Vera a aujourd'hui 37 ans. Elle sortait tout juste de pension lorsqu'elle s'est mariée à l'âge de vingt ans avec Jean Baxter que du reste elle avait connu très tôt, son mari étant l'ami de ses frères. La richesse de Jean a été aux prises de fluctuations importantes. Ainsi, lorsque Christine est née, il s'est ruiné pour la première fois, puis s'est " renfloué " à la naissance de Marc. Aujourd'hui, il a beaucoup d'argent. Vera a vécu au rythme de ces oscillations financières. Au-delà de ces flux, elle est restée fidèle à son mari pendant ces dix-huit années. Il n'en est pas de même pour Jean. Tandis que son épouse se confie à "l'inconnue", il se trouve avec une autre femme, un "mannequin", à Chantilly. Ce n'est pas la première fois. Il est souvent parti avec des femmes dont il était persuadé qu'elles étaient celles de sa vie. Et à chaque fois, Jean s'éclipsait sans prévenir. Mais c'est toujours lui qui a recommencé à téléphoner. D'ailleurs ses absences ont été ponctuées, sans faute, d'envois de chèques, afin d'assurer la permanence du couple par ce lien. Jean est un homme d'argent, " ordinaire, sans imagination ", joueur, coureur, mais dont la seule qualité est d'en être conscient. Et depuis dix-huit ans, Vera l'aime et dépend de lui.
Une musique continue ne quitte jamais le film. Ce pourrait être des étrangers, peut-être entrés dans une villa voisine et qui font une fête. Cette turbulence extérieure maintient Vera Baxter en vie. Ou alors, c'est "la musique Vera Baxter", le bruit primitif qu'elle fait.
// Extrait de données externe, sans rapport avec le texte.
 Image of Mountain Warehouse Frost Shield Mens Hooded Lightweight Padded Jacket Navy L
Femme fidèle, sans homme, comme les sorcières d'autrefois ou les femmes de marin, elle est en intelligence avec la nature.
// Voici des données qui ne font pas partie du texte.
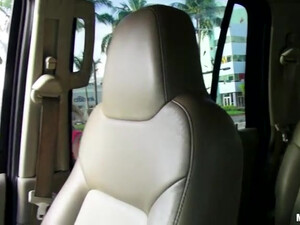 Сексуальная девушка решила сделать приятно водителю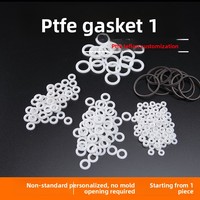 Joint d'étanchéité moulé en PTFE, joint torique, bague de retenue, en plastique, résistant aux hautes températures, personnalisation et traitement sur mesure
Véra Baxter vient de la pièce Suzanna Andler (Théâtre II, 1968) et donnera lieu au roman ou à un scénario : Vera Baxter ou les Plages de l'Atlantique (1980) où Marguerite Duras se reproche d'avoir chosi uen femme comme deuxième visiteuse et non un homme :
"Je rappelle que Véra Baxter vient de Suzanna Andler, pièce écrite en quelques semaines — sorte de gageure boule-vardière — pour mon amie Loleh Bellon. Un changement décisif a été apporté à cette première version lorsque j’ai décidé de le filmer : l’intervention d’un troisième personnage appelé tantôt «le client de l’Hôtel de Paris», tantôt «l’Inconnu». Ce personnage a éclipsé l’amant, Michel Cayre, qui est devenu un personnage secondaire de telle sorte que l’histoire d’amour de Véra Baxter n’est plus vécue sous nos yeux mais racontée par elle à un tiers inconnu d’elle. Sorte de dédoublement de l’amant, cet homme inconnu ? Sans doute.
Le scénario publié ici Véra Baxter ou Les plages de l’Atlantique est celui d’après lequel aurait dû être tourné Baxter Véra Baxter. Même si en majeure partie les dialogues sont ceux du film, ils sont reçus ici de façon radicalement différente. Cela parce que ce troisième personnage, celui qui vient voir Véra Baxter à la fin de l’après-midi, est un homme.
J’ai déjà dit le tort que j’avais eu de le remplacer dans le film par une femme. Il s’agit là d’une erreur si grande, si grossière que même une actrice comme Delphine Seyrig n’a pas pu la corriger. Je ne veux pas revenir là-dessus sauf pour dire que si jamais l’histoire était reprise, soit au cinéma soit au théâtre, ce serait cette version-ci qui devrait être retenue et non pas celle du film ou de cette première pièce intitulée Suzanna Andler.
Au théâtre, mise à part la première scène d’exposition des faits, celle du bar, tout devrait se passer à l’intérieur de la villa où est terrée Véra Baxter. Les visites de la villa pourraient être gardées. Tandis qu’elles se dérouleraient les voix seraient off sur la scène vide. L’épisode de Chantilly devrait être supprimé. Les modifications du texte seraient minimes, elles devraient aller de soi, se rapporter surtout à la visite de Monique Combes, à la promenade des deux femmes dans la forêt. Des fenêtres, des portes vitrées devraient être prévues par lesquelles les gens regarderaient, verraient les parcs, la mer, la turbulence extérieure, le soir qui vient. (Marguerite Duras, préface à Vera Baxter ou les Plages de l'Atlantique).